WORK ITEM:
In the data below, the copy begins at the line containing "laundry room featuring" and runs through the last line; repeat those lines exactly, minus the pictures.

INPUT DATA:
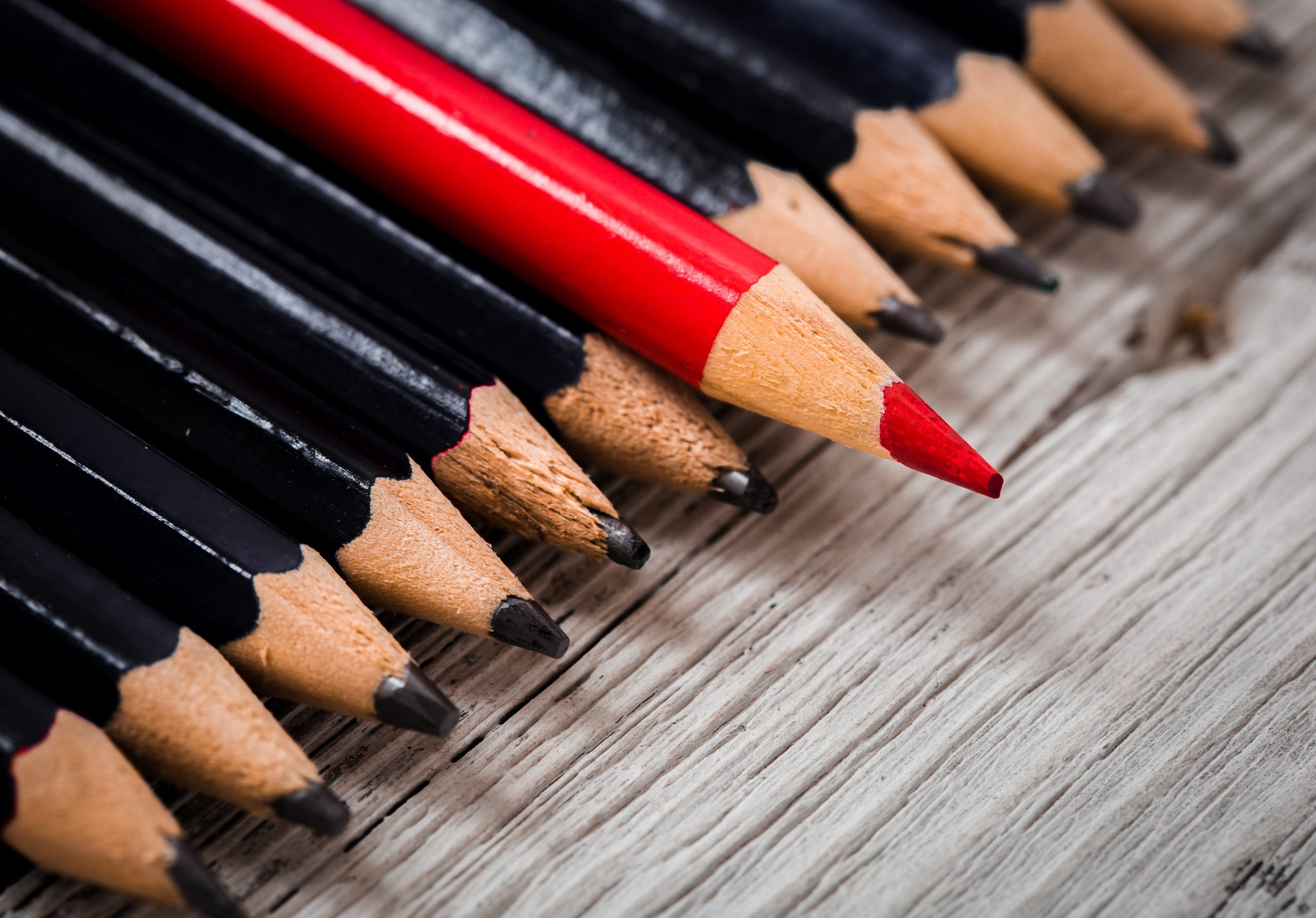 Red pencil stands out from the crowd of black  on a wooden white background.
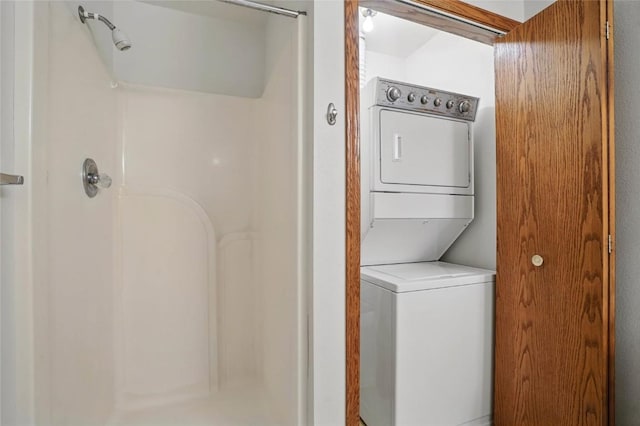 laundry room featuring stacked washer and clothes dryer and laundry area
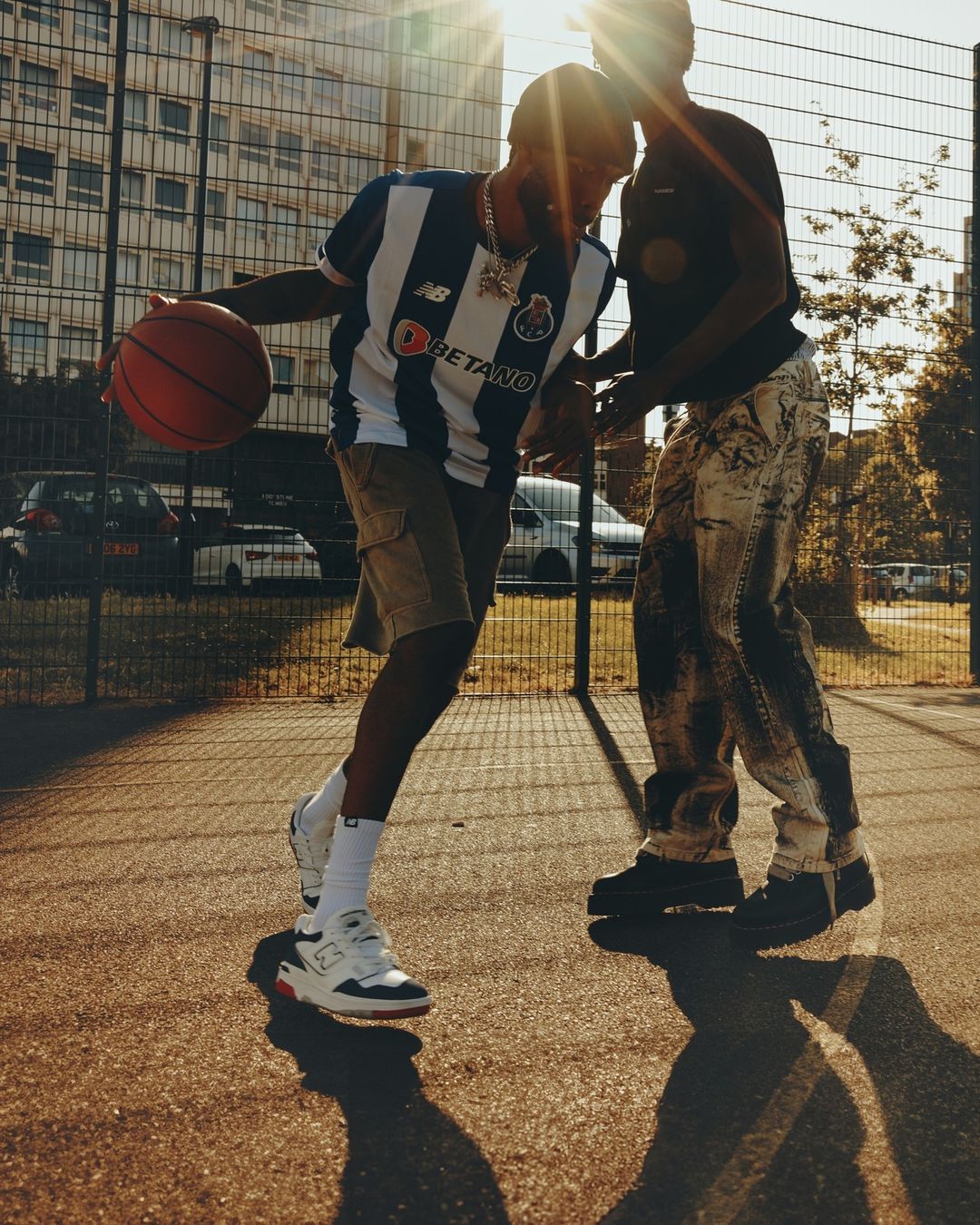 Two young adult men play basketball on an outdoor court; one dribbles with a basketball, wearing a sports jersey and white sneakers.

RESPONSE BOX:
 laundry room featuring stacked washer and clothes dryer and laundry area
 Two young adult men play basketball on an outdoor court; one dribbles with a basketball, wearing a sports jersey and white sneakers.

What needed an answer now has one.